Quando até já alguns dos reconhecidos seguidores da via das políticas de “austeridade expansionista” começam a questionar a respectiva validade[1] não será de estranhar os fracos augúrios com que se antevê o novo ano que se aproxima.


Sob as ineptas lideranças políticas que se conhecem, a frustração e o desânimo parecem as únicas certezas para os tempos mais próximos, porque mesmo que a recente onda de dúvida que começa a grassar entre os habituais apólogos das políticas neoliberais (na qual merecem destaque dois artigos[2] que já se interrogam sobre a possibilidade da esquerda ter razão e a situação da democracia cristã ter perdido a sua alma) possa assinalar alguma possível mudança, apenas uma revolta popular poderá evitar a perpetuação do ciclo crise – austeridade – recessão – mais crise e impor a aplicação de políticas orientadas para a defesa dos cidadãos e a recuperação das economias, mesmo que isso implique “sacrifícios” para os credores.
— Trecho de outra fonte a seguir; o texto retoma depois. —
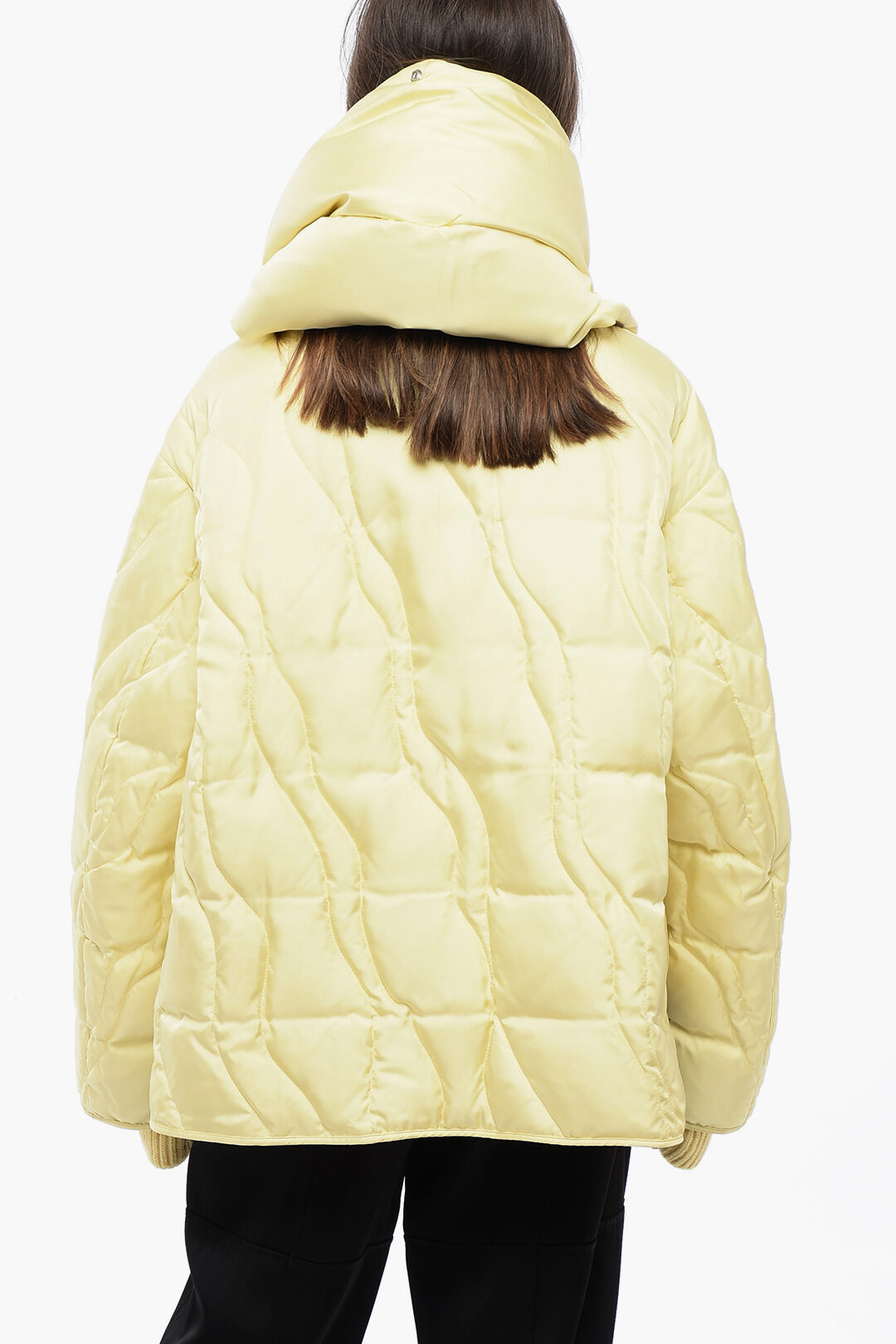 【送料&関税込】Jil Sander Beige Polyamide Down Jacket Jil Sander // Light Beige Down Puffer Jacket – VSP Consignment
Mas essa tarda…


[1] Vejam-se a título de exemplo as opiniões expressas por dignitários como Manuela Ferreira Leite, Rui Rio e até em parte o próprio cavaco Silva, como é referido nesta notícia do NEGÓCIOS.
[2] Entre estes destaquem-se dois, publicados na edição de Outubro da revista Courrier Internacional, da autoria do jornalista inglês Charles Moore e do alemão Frank Schirrmacher, directores de reputados jornais conservadores como o The Daily Telegraph e o Frankfurter Allgemeine Zeitung, intitulados, respectivamente, «E se a esquerda tiver razão?» e «A democracia cristã perdeu a sua alma».